German-Dutch government consultations
A chance to find a solidarity-based solution in Europe
Now that the numbers of asylum-seekers entering Europe have dropped, Chancellor Angela Merkel sees a chance to achieve a solidarity-based solution within the EU, as she stressed following a meeting the Prime Minister Mark Rutte in Eindhoven.
The governments of the two countries were meeting there for consultations.
Chancellor Angela Merkel thanked the Dutch EU Presidency for its commitment in conjunction with the EU-Turkey Agreement. It was very much thanks to Prime Minister Mark Rutte that the agreement was reached and that it is now being implemented step by step, said the Chancellor.
Angela Merkel and Mark Rutte met prior to government consultations to discuss bilateral relations, and European and international matters.
A sign that the EU can act
With respect to protecting the EU’s external borders too, the Dutch Presidency had brought about a swift agreement. This was one central point in efforts to achieve managed migration, said Angela Merkel. "I believe that this is an important sign that the European Union is able to act." Now that the number of asylum-seekers coming to Europe has dropped, she continued, "we have a chance to find solidarity-based, pan-European solutions".
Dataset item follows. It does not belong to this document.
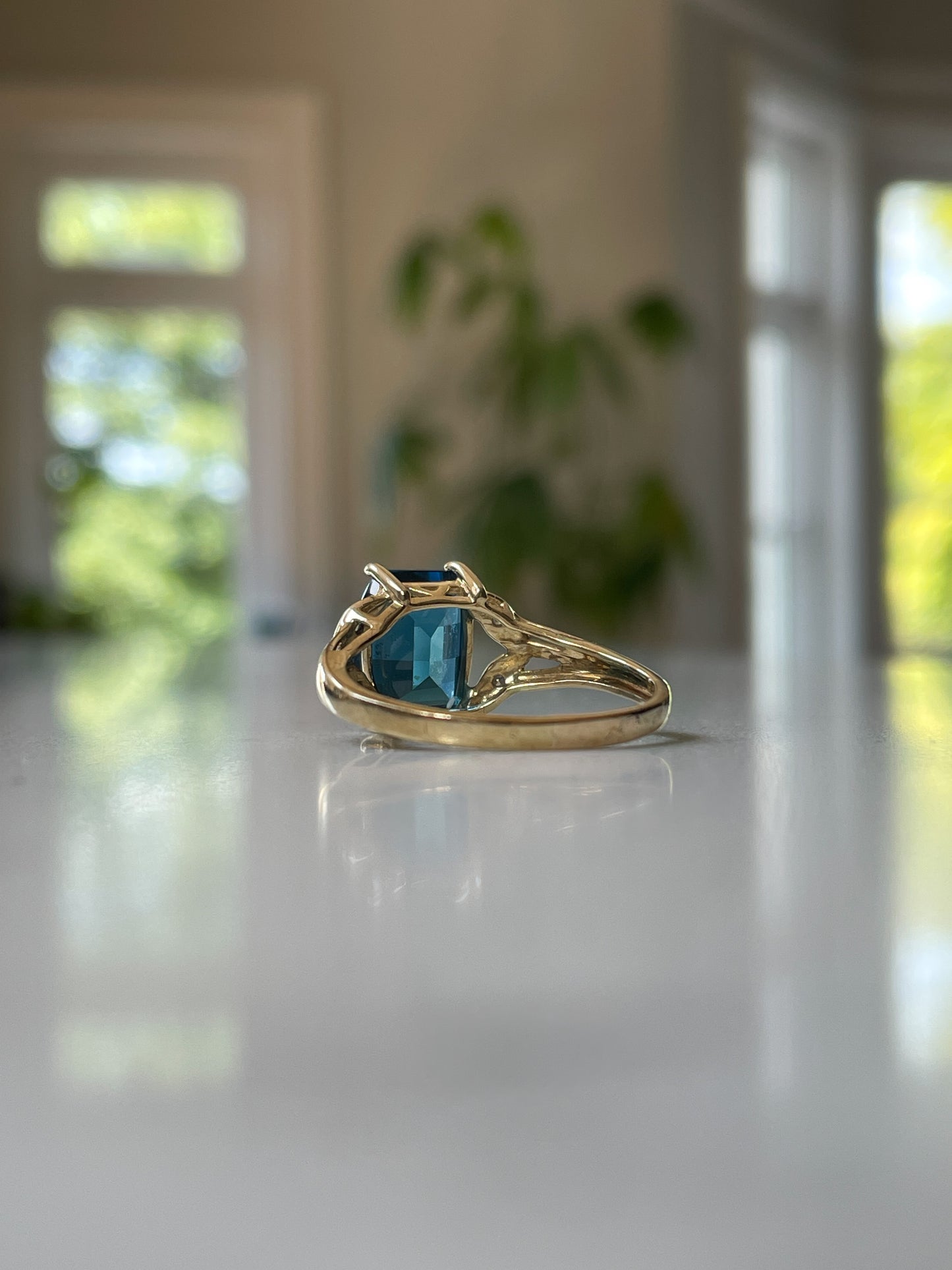 Contemporary blue topaz and diamond cocktail ring on 9ct gold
Strengthening innovation in Europe
The focus of the German-Dutch government negotiations in Eindhoven was innovation. Before the consultations began, the two heads of government visited young engineers at a local company and the High Tech Campus. Germany and the Netherlands demonstrated in this way how committed they are to innovation, declared the Chancellor, "especially because Europe’s prosperity depends on it".
The Dutch company ASML is the world’s leading manufacturer of machinery for chip production. It manufactures 80 per cent of chip production machinery in the world, in close cooperation with the German company Zeiss in Oberkochen, explained the Chancellor. Here it is again clear, "that we must foster and support strategic branches of industry in Europe". The appropriate frameworks are now being developed.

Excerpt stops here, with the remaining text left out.